Forse l’11 giugno 2014 diventerà una data storica per il jazz italiano. Il ministro dei Beni e delle Attività culturali e del Turismo Dario Franceschini ha annunciato i programmi di festival e rassegne di jazz del Bel Paese per l’estate ’14 e presentato varie e significative iniziative, introdotto da Gianni Pini (presidente della Associazione i.jazz) e da Paolo Fresu (musicista, direttore artistico e membro del direttivo del Midj, riunisce i jazzisti italiani). Cifre, iniziative e nuovi orizzonti si schiudono, con parole e fatti, a un nuovo scenario per il jazz fuori dalla nicchia in cui era costretto e verso un dispiegamento delle potenzialità culturali, economiche, artistiche e di indotto.
Gianni Pini ha parlato di 42 manifestazioni e circa 450 musicisti censiti per la prossima estate (il lavoro è «in progress» e sempre più associazioni chiedono di entrare in i-jazz). Si tratta di rassegne distribuite in tutta Italia, in luoghi artistici di valore, con un jazz dai marcati tratti di originalità che costituiscono, quindi, un prodotto di valore del made in Italy. «Del resto – ha precisato Pini – nel 2012 la Siae ha censito 600 mila spettatori e circa 500 soggetti nel settore». Paolo Fresu ha sottolineato che «oggi il jazz entra ufficialmente nello nostra storia e cultura» e di come «insieme ad altre eccellenze, sappia raccontare il nostro paese nella sua diversità».

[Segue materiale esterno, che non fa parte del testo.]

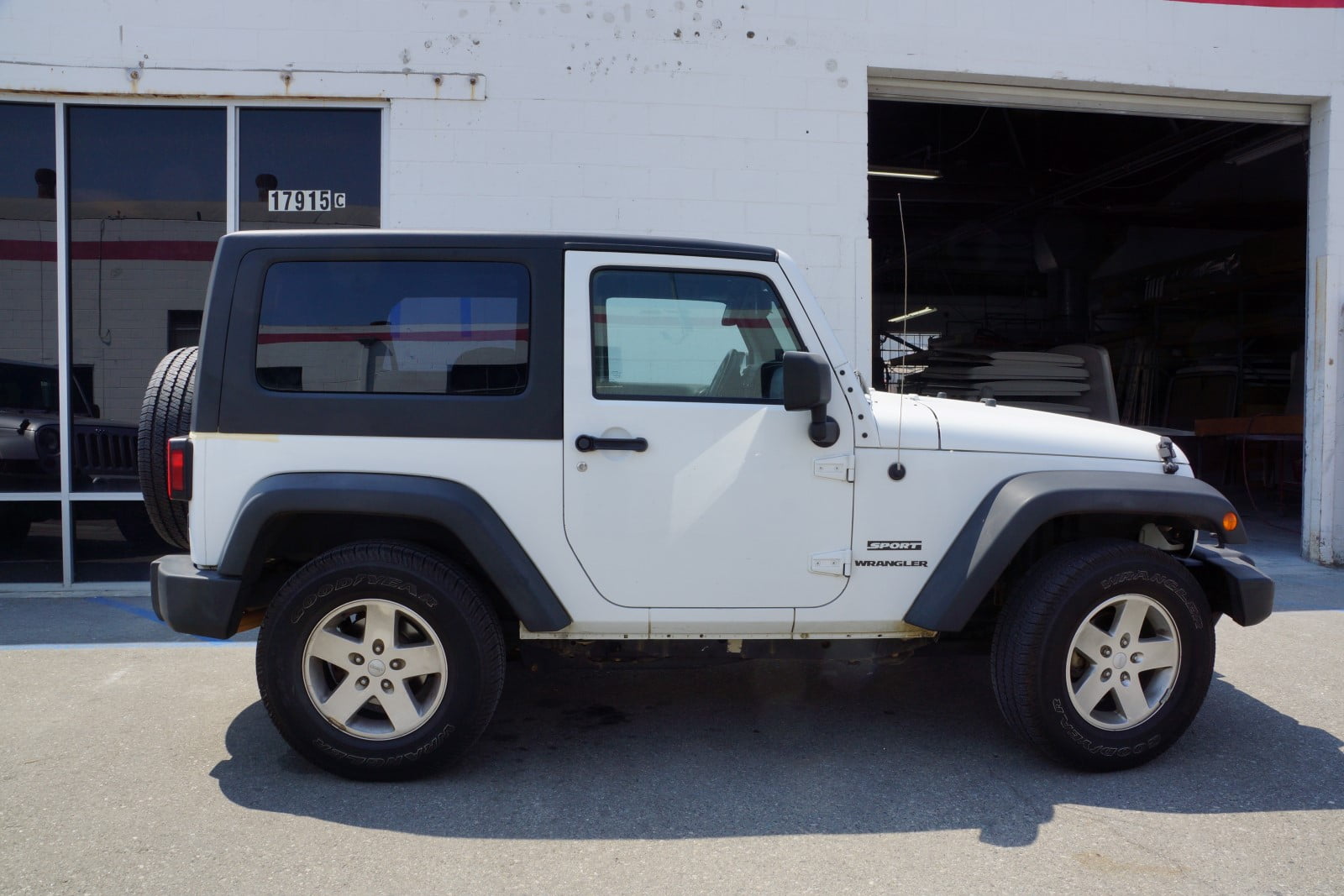Used Hardtop for Jeep Wrangler 2 Door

Per il ministro Franceschini,  è assodata «l’importanza del jazz i cui concerti sono circa 1/4 di tutti quelli realizzati in Italia; in più sono localizzati in luoghi di valore artistico e paesaggistico e contribuiscono alla crescita culturale e all’offerta turistica. Franceschini ha precisato che  –  con il Decreto Cultura e altri provvedimenti –  sono stati corretti alcuni criteri del FUS e si è lavorato sul concetto di residenza artistica. Inoltre è  stato varato per il 2015 un fondo straordinario di 500 mila euro (con bando pubblico) per interventi più strutturali che riguardino il jazz. E’ importante, perciò, guardare al presente e al futuro, valorizzare i talenti, la cultura immateriale, le periferie.

«Suona quello che non c’è» è la frase davisiana con cui ha chiuso il suo intervento, pragmatico e non privo di passionalità. Curioso che l’annuncio di un’iniziativa di tale portata arrivi a poche ore dalla notizia dei tagli draconiani apportati dalla giunta capitolina all’estate romana che precludono lo svolgimento dei festival musicali, mettendo in grave pericolo la Casa del Jazz. Più luci che ombre e solo il tempo saprà dire se l’11 giugno 2014 è stata davvero una data storica. Per ora sembra un buon inizio.